With ‘1 Verse’, for the first time, J-Hope’s complete artistic arsenal was realized by fans. Not only was his lyricism powerful and witty, but it also had the classic “hip-hop” feel as the song sampled The Game's 'El Chapo.’ One might even say ‘1 Verse’ walked so ‘Ddaeng’ could run.
‘Intro: Boy Meets Evil’ is appalling in terms of the multifaceted talent that J-Hope displays in this 3-minute music video carried entirely on his back. There is one and only one focus, J-Hope and he’s holding down 3 positions at once: rapper, vocalist, and dancer. His dance is technically masterful and emotionally charged, which perfectly brings out the song's dark and sinister theme.
‘Mama’ is upbeat and yet vulnerable and especially personal as J-Hope addresses his mother directly; thanking her in a way that only he can, through his music. It is choir-like and nostalgic, perfectly capturing J-Hope’s emotions as he recalls all his mother’s struggles which helped him become the fully realized artist he is. As important as the lyrics and delivery are, J-Hope’s genre choice truly speaks of his genius as a musician.
‘Hope World,’ J-Hope’s first solo mixtape rings with happiness and the joy of life, but beneath the surface, appears a tinge of pressure that he feels as J-Hope first and Jung Hoseok second.

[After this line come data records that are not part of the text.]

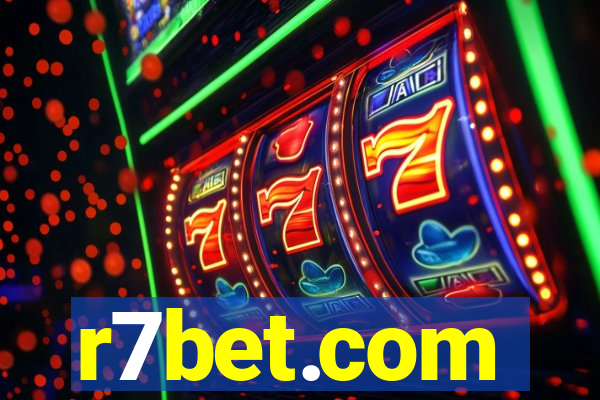 r7bet.com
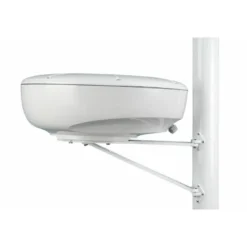 Scanstrut M92698 mastbeslag för Raymarine RD424 / RD424HD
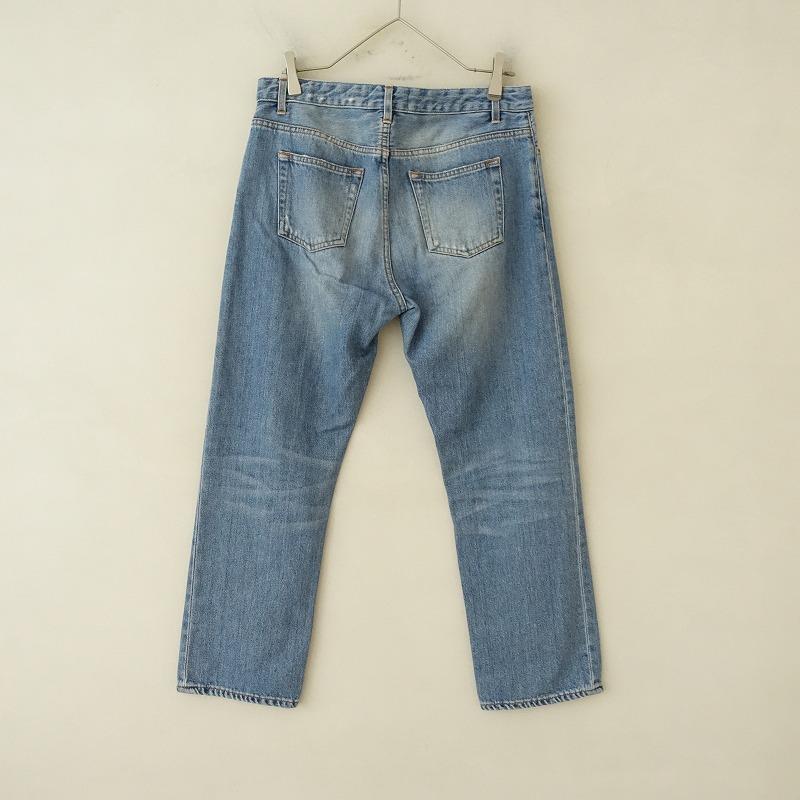 Acne Studios（アクネ ストゥディオズ） アクネ *popltvintage デニム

This same feeling is echoed and overcome in ‘Outro: Ego’ where he comes to terms with the fact that regardless of the layers of his personality, one where he’s a role model, one where he doubts himself, and more where he’s unsure of who he really is, lies the certain truth of his unchangeable self. J-Hope tends to often contrast the subject of his music and his lyrics to the genre he applies it to, creating an inimitable blend that is uniquely his own.
There couldn’t have been a more perfect solo song for J-Hope than ‘Trivia: Just Dance.’ J-Hope fittingly compares being in perfect sync with someone to being able to match one’s rhythm while dancing. The analogy is incredible, primarily because it implies a resonance unlike any other, especially considering how important dance is to J-Hope. It holds a connection straight to his soul, and he pours it out through his art.
Finally, it doesn’t get any more celebratory than ‘Chicken Noodle Soup’ featuring Becky G, and what is being celebrated is the pure joy of doing what one loves. In addition, the culturally diverse music video and the inherent message of holding on to one’s roots, shouting out home have truly made this song a cultural reset.